1. What does American philosophy mean to you? It means a pursuit of wisdom and happiness informed and guided by the best and brightest lights in our heritage, pre-eminently Emerson's repudiation of "borrowed traditions and living at second hand" and his affirmation of the ever-renewing "present hour"; Thoreau's sunny dawn spirit ("to be awake is to be alive," "the sun is but a morning star"); James's "really vital question for us all... What is life eventually to make of itself?"; Dewey's democratic commitment to "the continuous human community in which we are a link"; John McDermott's culture of experience; John Lachs's celebration of immediacy. It is pragmatic, pluralistic, melioristic, impatient with scholastic obfuscation, eager always to identify some practical difference our ideas might make in our lives and communities. And particularly noteworthy in this semiquincentennial year, American philosophy signifies political freedom from tyranny and mental freedom from dogmatic slumber.

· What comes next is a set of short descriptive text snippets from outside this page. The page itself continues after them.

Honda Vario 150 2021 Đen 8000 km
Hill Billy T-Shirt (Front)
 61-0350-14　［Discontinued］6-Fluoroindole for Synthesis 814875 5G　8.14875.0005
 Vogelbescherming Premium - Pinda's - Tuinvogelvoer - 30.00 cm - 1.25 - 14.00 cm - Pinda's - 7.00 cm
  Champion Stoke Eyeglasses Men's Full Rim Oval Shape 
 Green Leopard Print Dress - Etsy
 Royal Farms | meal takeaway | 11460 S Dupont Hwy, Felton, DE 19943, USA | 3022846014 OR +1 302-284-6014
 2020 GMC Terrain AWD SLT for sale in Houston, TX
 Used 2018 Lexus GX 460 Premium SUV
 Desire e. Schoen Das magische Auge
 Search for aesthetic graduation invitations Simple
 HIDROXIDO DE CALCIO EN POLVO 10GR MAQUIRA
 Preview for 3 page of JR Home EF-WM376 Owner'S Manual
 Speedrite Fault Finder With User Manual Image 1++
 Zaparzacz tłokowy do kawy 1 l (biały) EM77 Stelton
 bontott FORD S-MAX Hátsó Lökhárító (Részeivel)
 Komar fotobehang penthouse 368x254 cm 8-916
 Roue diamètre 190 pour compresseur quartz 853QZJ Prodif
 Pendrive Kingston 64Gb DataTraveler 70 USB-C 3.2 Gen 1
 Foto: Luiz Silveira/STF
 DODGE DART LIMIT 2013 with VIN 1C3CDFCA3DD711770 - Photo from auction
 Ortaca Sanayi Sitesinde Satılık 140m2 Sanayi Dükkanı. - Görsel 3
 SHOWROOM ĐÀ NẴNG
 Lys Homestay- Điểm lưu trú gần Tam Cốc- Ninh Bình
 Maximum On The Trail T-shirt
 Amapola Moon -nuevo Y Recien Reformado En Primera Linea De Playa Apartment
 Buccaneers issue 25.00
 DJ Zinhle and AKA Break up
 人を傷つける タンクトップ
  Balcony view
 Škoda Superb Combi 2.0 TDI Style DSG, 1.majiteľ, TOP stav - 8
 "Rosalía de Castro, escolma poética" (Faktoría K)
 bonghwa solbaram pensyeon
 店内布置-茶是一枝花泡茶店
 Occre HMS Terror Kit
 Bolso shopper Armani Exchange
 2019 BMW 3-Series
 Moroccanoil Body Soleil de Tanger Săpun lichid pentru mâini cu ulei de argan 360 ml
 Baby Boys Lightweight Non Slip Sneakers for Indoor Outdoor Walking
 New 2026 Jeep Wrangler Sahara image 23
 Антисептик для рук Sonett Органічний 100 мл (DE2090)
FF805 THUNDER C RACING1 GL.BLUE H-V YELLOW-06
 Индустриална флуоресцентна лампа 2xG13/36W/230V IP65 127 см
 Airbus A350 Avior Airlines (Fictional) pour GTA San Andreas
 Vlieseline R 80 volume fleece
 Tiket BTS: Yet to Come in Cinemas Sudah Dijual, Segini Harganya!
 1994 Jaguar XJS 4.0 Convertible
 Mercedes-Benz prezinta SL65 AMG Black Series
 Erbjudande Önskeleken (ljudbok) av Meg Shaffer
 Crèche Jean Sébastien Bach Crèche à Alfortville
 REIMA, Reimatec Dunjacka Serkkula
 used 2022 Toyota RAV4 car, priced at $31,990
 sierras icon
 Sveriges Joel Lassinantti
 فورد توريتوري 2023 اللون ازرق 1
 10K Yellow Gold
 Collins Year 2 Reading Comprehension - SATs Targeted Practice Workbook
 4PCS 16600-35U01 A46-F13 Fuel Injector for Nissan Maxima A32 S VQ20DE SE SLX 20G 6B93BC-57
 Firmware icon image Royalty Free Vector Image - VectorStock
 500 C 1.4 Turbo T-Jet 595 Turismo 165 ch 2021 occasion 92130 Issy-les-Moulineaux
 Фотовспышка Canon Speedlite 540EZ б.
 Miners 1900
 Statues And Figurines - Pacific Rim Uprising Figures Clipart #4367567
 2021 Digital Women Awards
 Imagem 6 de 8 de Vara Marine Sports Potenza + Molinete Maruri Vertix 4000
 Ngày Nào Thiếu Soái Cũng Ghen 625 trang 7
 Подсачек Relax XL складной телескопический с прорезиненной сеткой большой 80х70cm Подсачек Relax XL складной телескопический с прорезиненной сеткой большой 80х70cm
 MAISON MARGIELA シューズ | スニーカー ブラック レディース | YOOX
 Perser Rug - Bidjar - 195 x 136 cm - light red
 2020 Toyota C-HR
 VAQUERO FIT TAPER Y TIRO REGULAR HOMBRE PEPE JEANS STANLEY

2. How did you become an American philosopher? I became disillusioned with my undergrad Political Science major at the University of Missouri and, motivated by Durant's Story of Philosophy and Carl Sagan's Cosmic Connection, went looking for something more expansive. I found what I was looking for in Mizzou's philosophy program. Professor Peter Markie, just a shade older than my cohort, came to our Friday afternoon "Hegel Society" meetups at Michael's Bar and Grill on campus and made philosophy seem cool. Professor Alex von Schoenborn made it seem profound. My pal Andy Cling, a year ahead of me (and recently retired from the University of Alabama in Huntsville), went down to Nashville for grad school at Vanderbilt and sent back positive reports. I followed him, and there found American philosophy via John Lachs, John Compton, Michael Hodges, John Post, and a raft of congenial pluralists and fellow students.
3. How would you describe your current research?
I'm an applied ethicist (environmental and bioethics), so I'm always researching and reflecting on the dangers humans engender for ourselves with our Dr. Seussian "Onceler" approach to commodified nature and, lately, with a potentially dehumanizing infatuation with artificial minds.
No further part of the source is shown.